Los Angeles, Dec 12 Hollywood star Ethan Hawke shared that he is always meticulous in his preparation for a role, and explained that it helps him to be "extremely critical of the writer, in a positive way".
"I hand-write everything like it’s my journal. I’m not memorising from a typewritten page; I don’t want irrelevant stage directions to be part of it. I try to write it from memory, and then I look and see what I got wrong,” Hawke told variety.com.
"It also helps me be extremely critical of the writer, in a positive way. 'It doesn’t seem like I would use that word four times. I think this is a better word.' Then I record it, and I listen, and I see what I got wrong.”
"Take Billie Eilish’s Birds of a Feather. I know all the lyrics to that song. I don’t know how I know all the lyrics to that song. I absorbed it at coffee shops and on the car radio, and it’s in me now."
Hawke is convinced that his approach makes a lot of logical sense, reports femalefirst.co.uk.

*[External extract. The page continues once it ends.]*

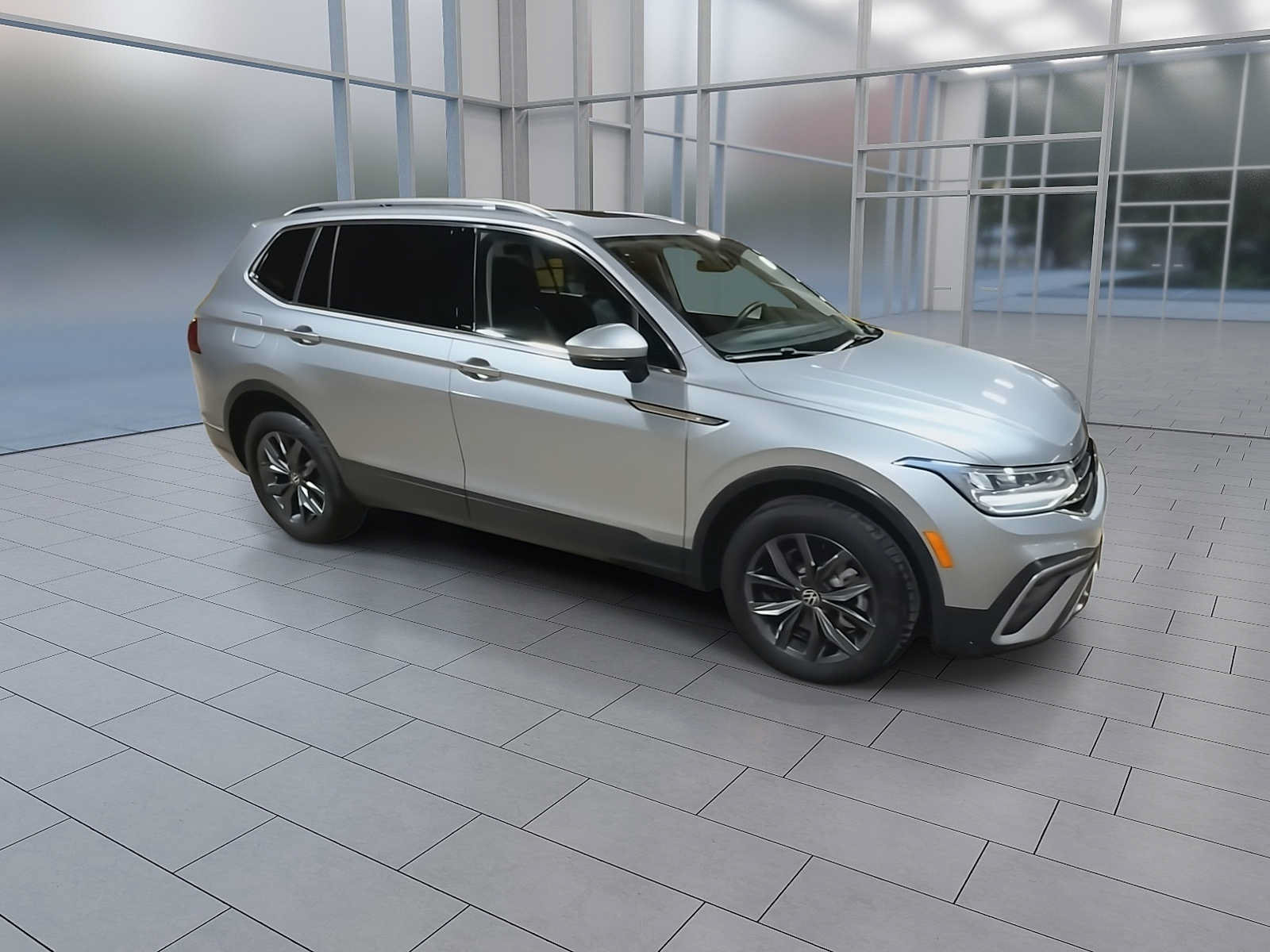Used 2023 Volkswagen Tiguan SE w/ Panoramic Sunroof Package FWD image 2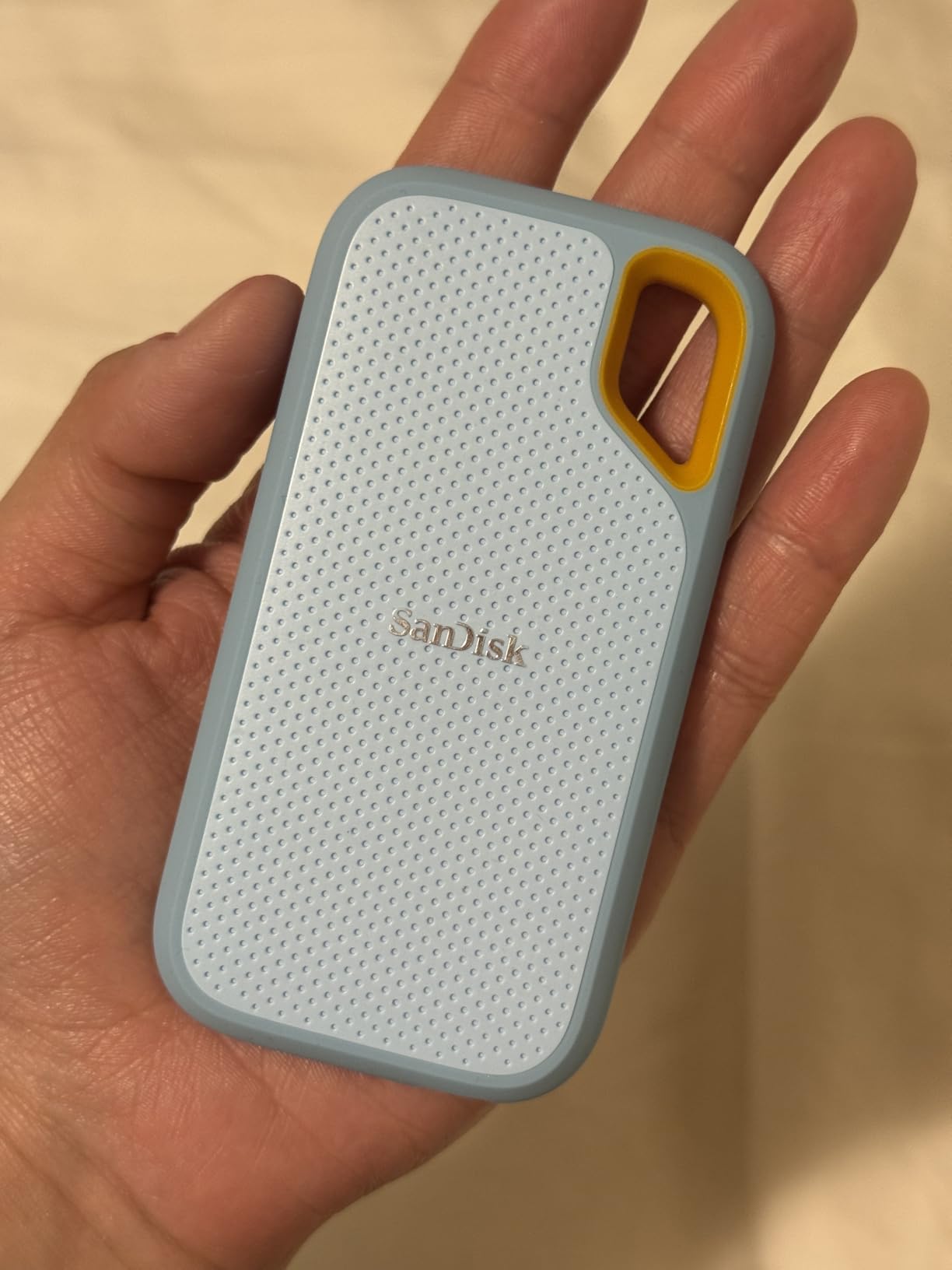 SANDISK 2TB Extreme Portable SSD - Up to 1050MB/s, USB-C, USB 3.2 Gen 2, IP65 Water and Dust Resistance customer photo 2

The movie star said: "If you have a really big speech — Jon Voight taught me this — you unlace your shoe. And you have to do the speech lacing your shoe. If I was talking, lacing my shoe, it would be no problem. If I’m trying to remember, then it’s difficult to do."
Meanwhile, the actor previously claimed that "greed" runs the movie business.
The actor acknowledges that the movie industry is "designed to make money" - but Ethan admires actors and actresses who are willing to take financial risks.
Speaking to The Hollywood Reporter, Hawke explained: "Greed runs our universe. If you say you just want to make money, everybody understands what you are going for, and they are fine with it. ‘Great, yeah, good. Oh, yeah, he sold ten billion Big Macs. Good for him.’ No, you just poisoned the whole world."